Thanks for the article! This is fascinating and I will look into their paper more, but on a quick glance, I wonder about their methodology here:
> The authors identified 13 surnames that appear with unusual frequency in the Qin examination system—the Chinese test to identify who will become a member of the highest elite in the country, the state bureaucracy. They selected them from more than 50,000 successful candidates (the most successful) in the Yuan, Ming, and Qin dynasties, starting in 221 BCE (we are talking China). These surnames are overrepresented in the modern imperial era and in modern Chinese elites—the high officials in the Nationalist government from 1912 to the triumph of the communists in 1949; professors at the ten most prestigious universities in the country in 2012; chairs of the boards of companies listed in 2006 as having assets of $1.5 million and above; and members of the (still communist) central government administration in 2010.
It is my understanding that while the Chinese do have a variety of surnames, they are often based on region. Not to mention, the 3 surnames "Wang, Li, and Zhang" are attributed to almost 30% of Chinese people.
Israel is a strong candidate given that the country didn't exist before 1948. Essentially the country was reset to zero as all Arab wealth was confiscated and nationalized during the formative years in the 1950's.
The question I'd like to see answered: Does the wealth come purely as a result of circumstance, or do the families have genetic traits that make their descendants better at accumulating / retaining wealth?
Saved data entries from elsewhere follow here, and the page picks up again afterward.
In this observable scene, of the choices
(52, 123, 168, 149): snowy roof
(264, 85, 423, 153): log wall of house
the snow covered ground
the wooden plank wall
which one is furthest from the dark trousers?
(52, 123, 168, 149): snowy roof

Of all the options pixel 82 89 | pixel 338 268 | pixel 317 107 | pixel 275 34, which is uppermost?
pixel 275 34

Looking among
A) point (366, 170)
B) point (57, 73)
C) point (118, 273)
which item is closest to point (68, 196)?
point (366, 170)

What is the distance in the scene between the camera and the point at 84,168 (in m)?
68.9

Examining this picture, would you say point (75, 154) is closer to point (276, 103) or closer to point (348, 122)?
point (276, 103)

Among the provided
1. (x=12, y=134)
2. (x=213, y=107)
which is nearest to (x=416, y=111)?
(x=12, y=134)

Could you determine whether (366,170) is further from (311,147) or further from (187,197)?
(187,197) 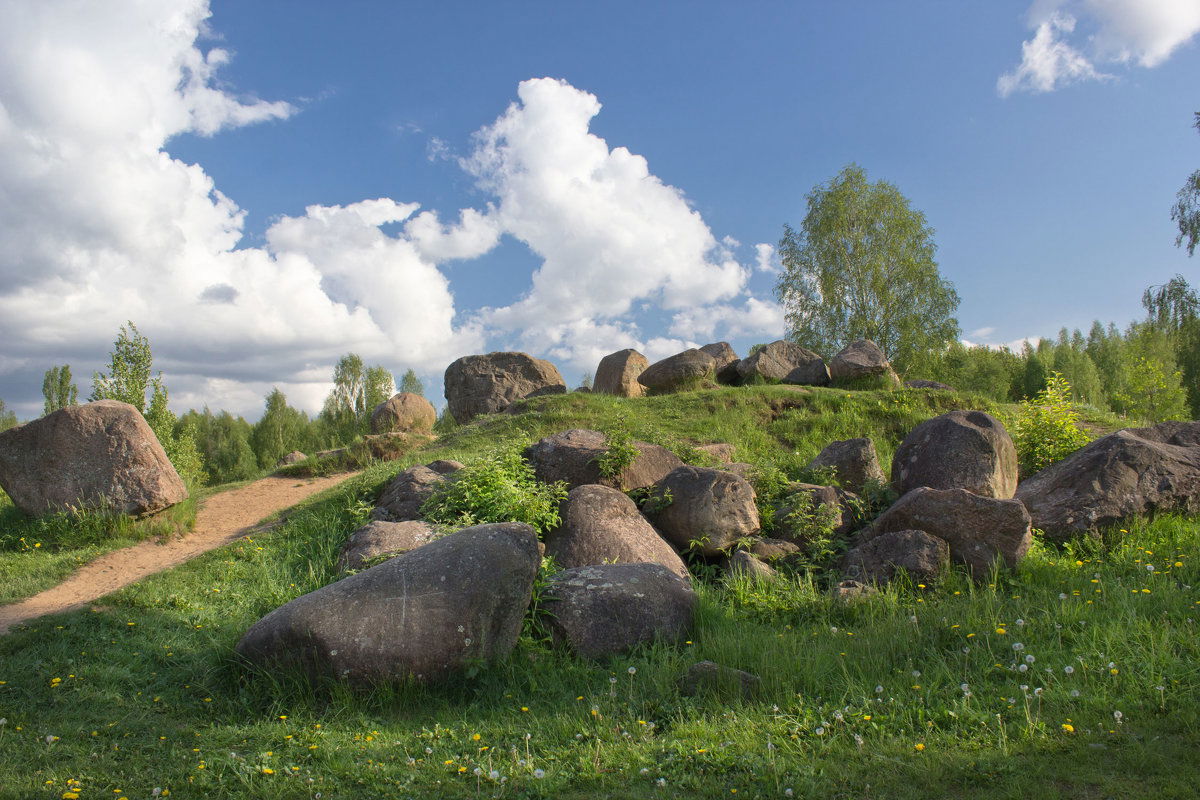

That isn't surprising. It's much, much easier to gain and keep wealth when you already have a lot of wealth (that's the flip side of the fact that it's very expensive to be poor).
I feel like we need more information before we can conclude that. Why is it assumed that this isn't a sign of the families doing a good job raising children, etc?
The answer was "art, gold, and land." If you had a rich estate back then and a foreign army was on the way, you could roll up your art, put your gold in sacks, and ride away. The title to the land would still be yours, and after the foreign army is expelled you just return home with your stuff.
I can think of some risks with this plan, and some improvements that could be made today, but basically these people aren't chasing returns, they think about preserving wealth for the long haul through worst-case scenarios.